• _WHAT YOU NEED TO DO_
Your output should be the lines below from the one with "Van Büyükşehir’den ’Beyaz" through the one with "2014 HYUNDAI SONATA GLS - 5NPED4AC4EH869338", copied exactly, pictures excluded.
Top of EXCERPTED DATA
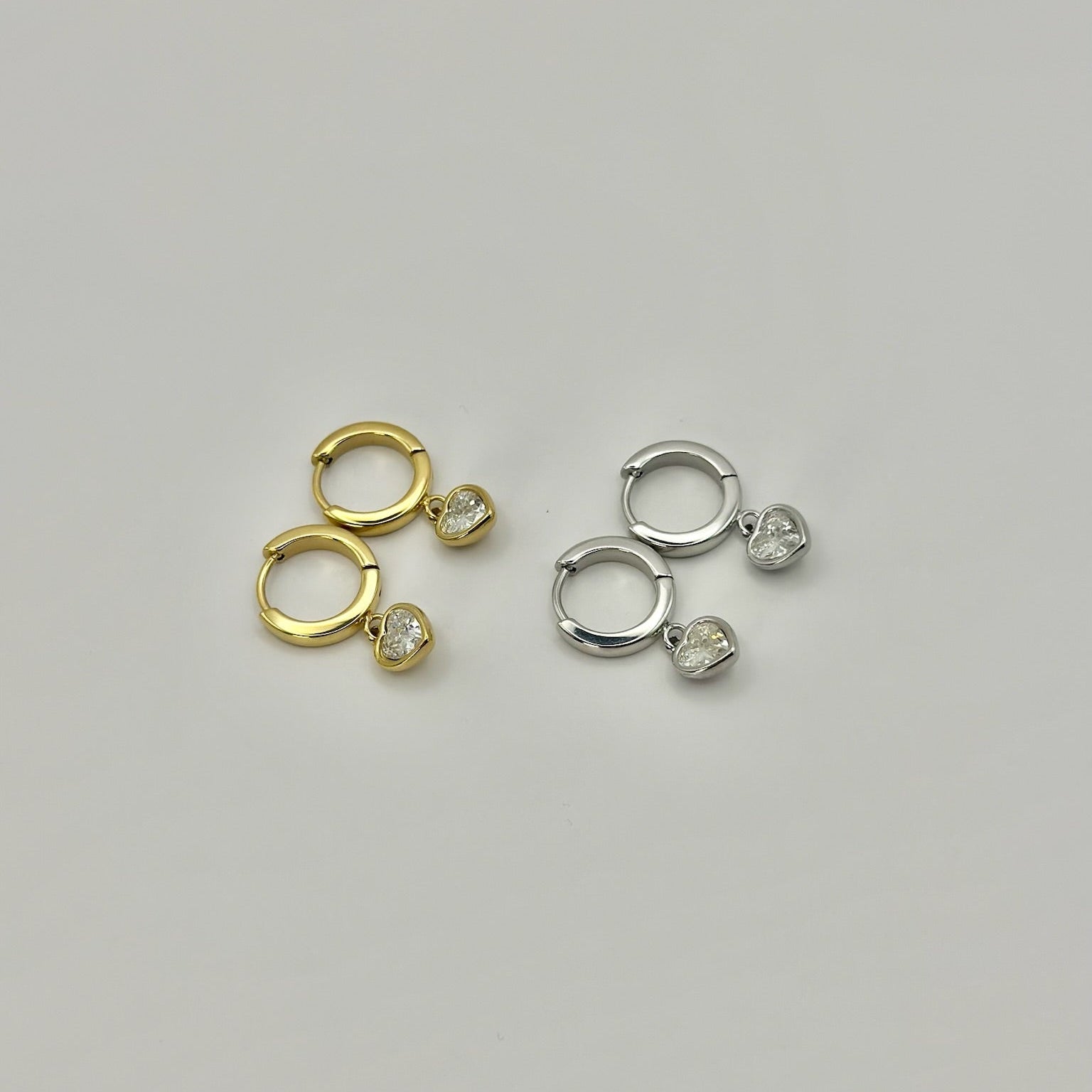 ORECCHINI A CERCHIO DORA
Bottom of EXCERPTED DATA
Top of EXCERPTED DATA
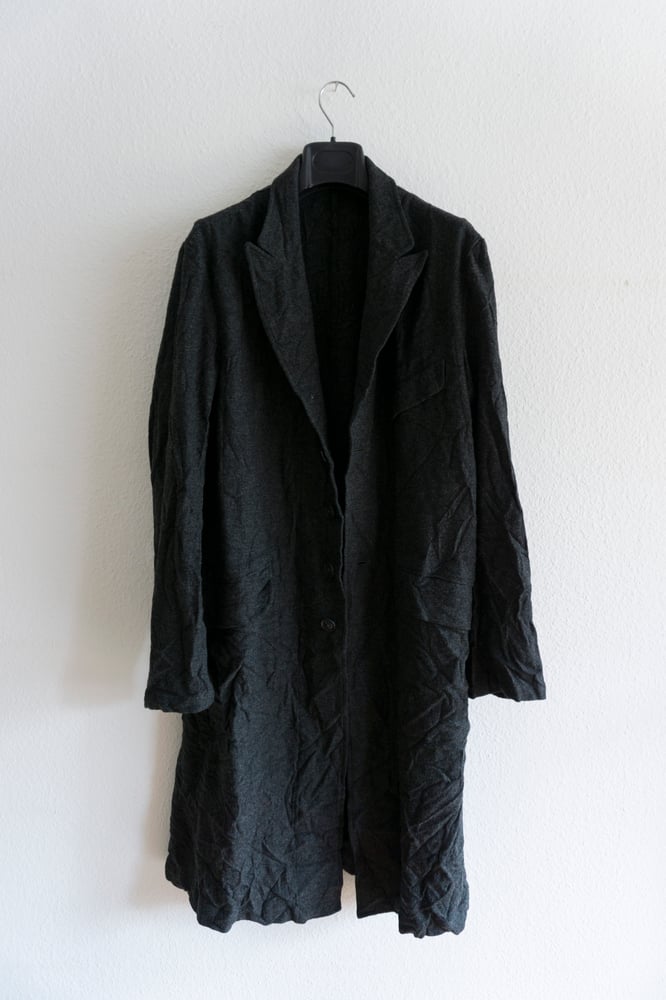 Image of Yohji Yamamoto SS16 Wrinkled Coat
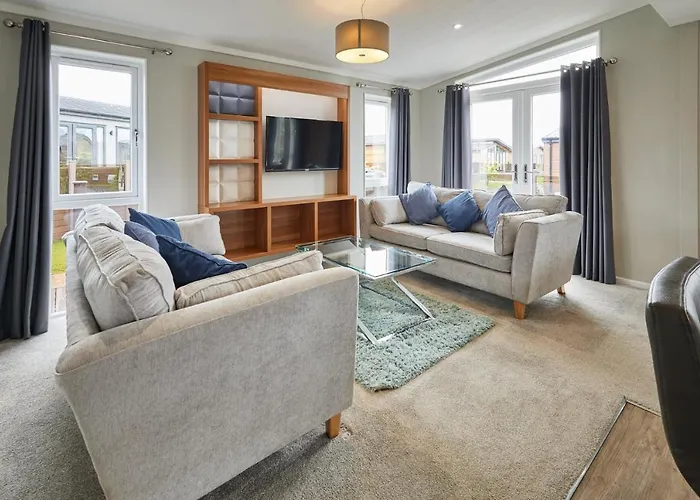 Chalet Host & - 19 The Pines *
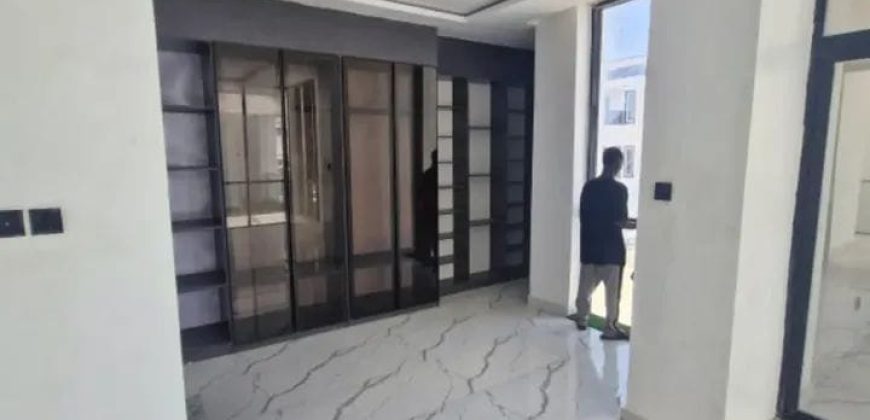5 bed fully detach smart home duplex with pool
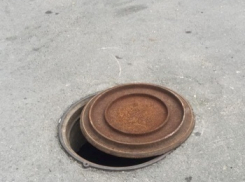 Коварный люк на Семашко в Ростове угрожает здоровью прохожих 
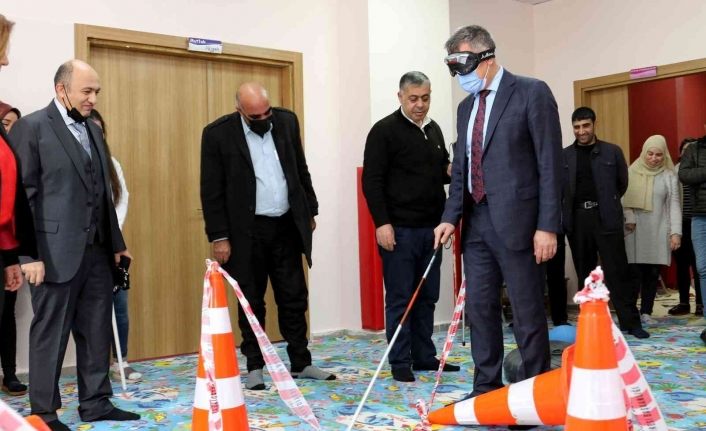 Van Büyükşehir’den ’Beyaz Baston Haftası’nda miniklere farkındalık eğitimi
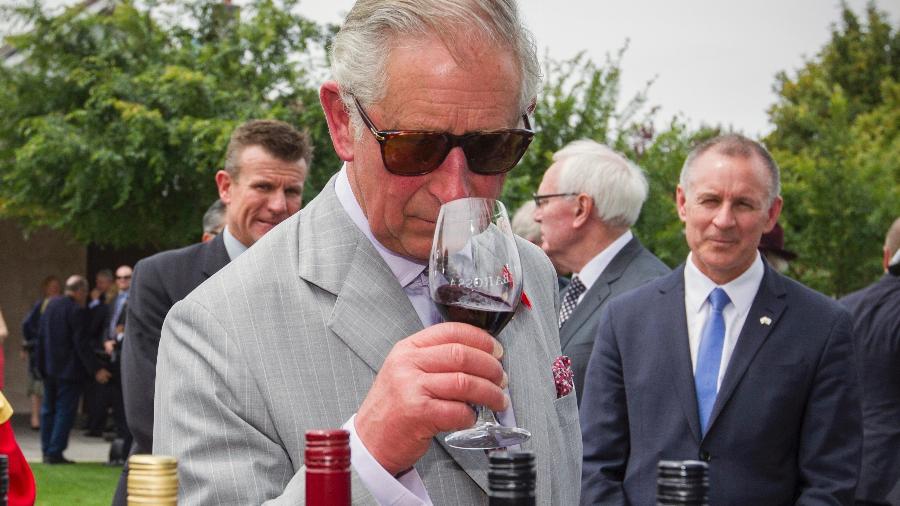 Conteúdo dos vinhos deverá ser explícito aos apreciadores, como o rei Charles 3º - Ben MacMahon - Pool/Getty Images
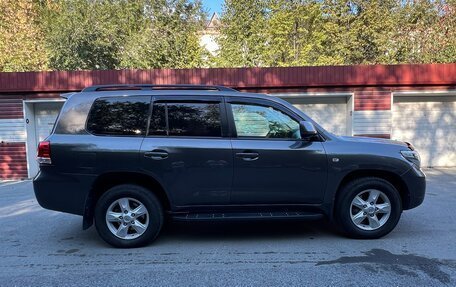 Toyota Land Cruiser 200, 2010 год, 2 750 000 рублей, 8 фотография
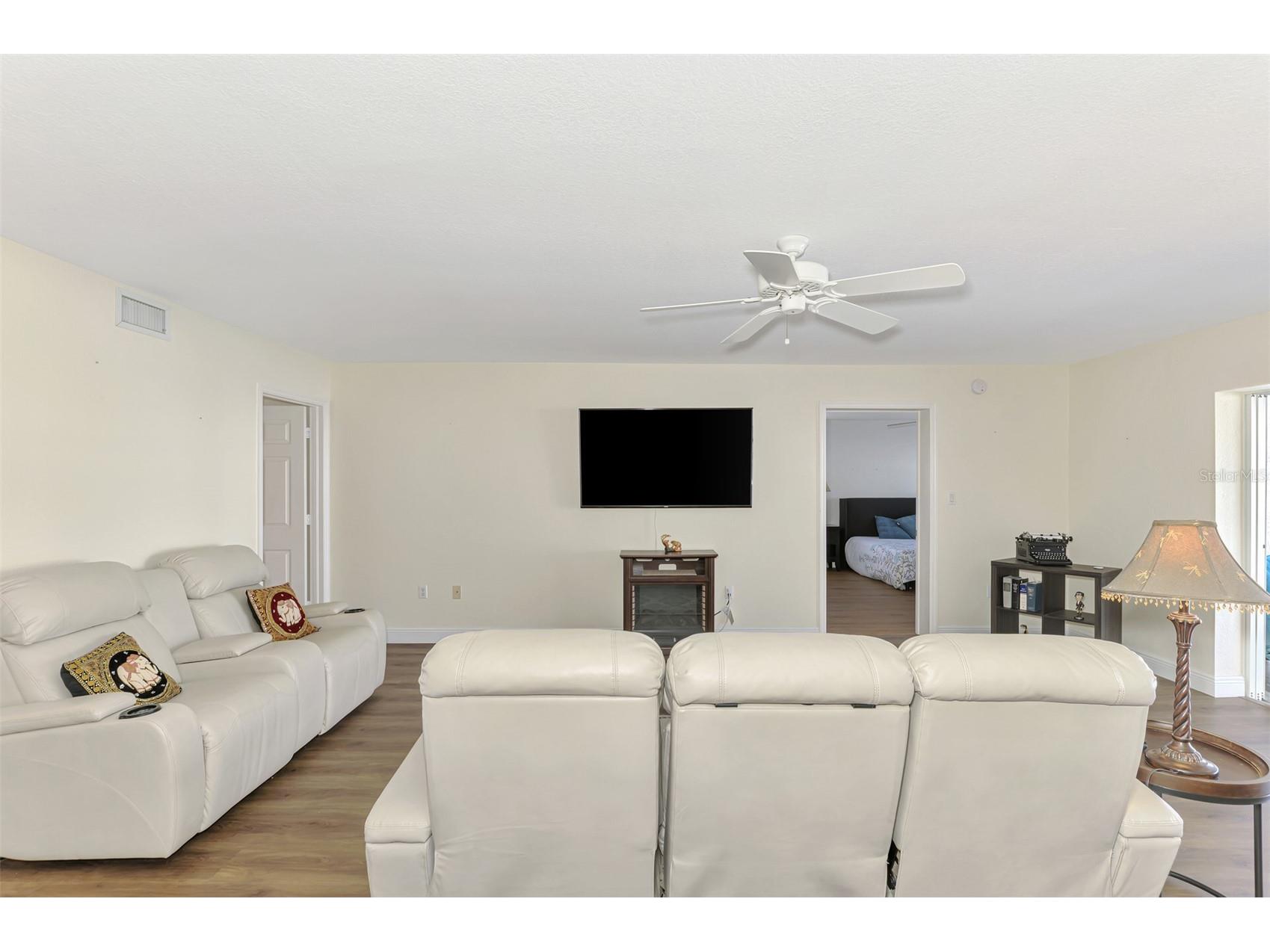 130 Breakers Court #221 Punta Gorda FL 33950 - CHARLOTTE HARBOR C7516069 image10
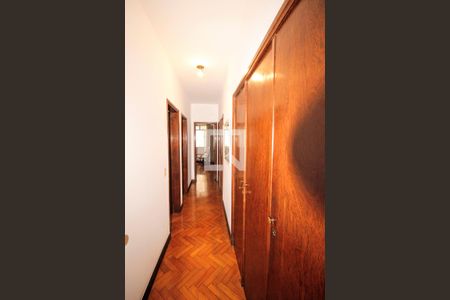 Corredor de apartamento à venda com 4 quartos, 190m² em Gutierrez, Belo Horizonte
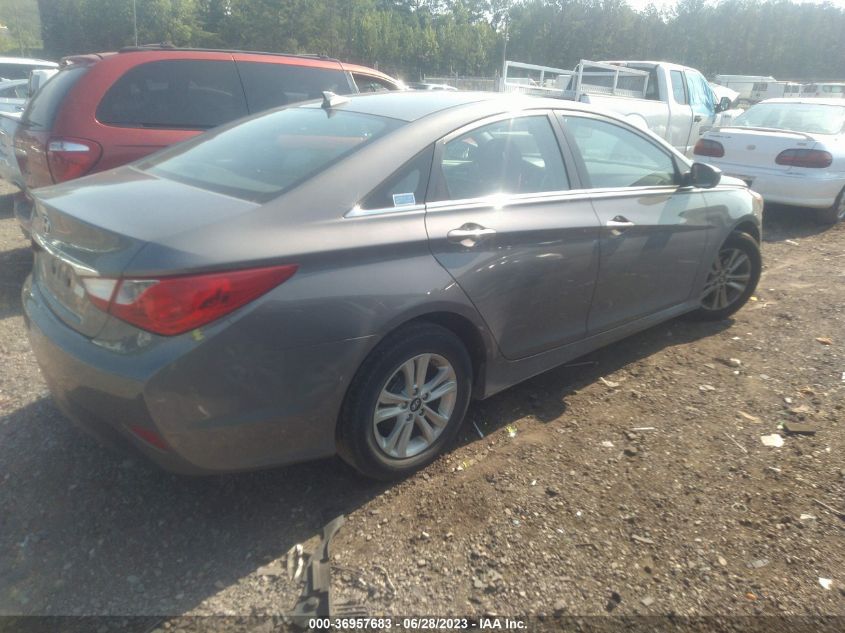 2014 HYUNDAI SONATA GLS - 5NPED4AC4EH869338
Bottom of EXCERPTED DATA
• _RESULT_
 Van Büyükşehir’den ’Beyaz Baston Haftası’nda miniklere farkındalık eğitimi
 Conteúdo dos vinhos deverá ser explícito aos apreciadores, como o rei Charles 3º - Ben MacMahon - Pool/Getty Images
 Toyota Land Cruiser 200, 2010 год, 2 750 000 рублей, 8 фотография
 130 Breakers Court #221 Punta Gorda FL 33950 - CHARLOTTE HARBOR C7516069 image10
 Corredor de apartamento à venda com 4 quartos, 190m² em Gutierrez, Belo Horizonte
 2014 HYUNDAI SONATA GLS - 5NPED4AC4EH869338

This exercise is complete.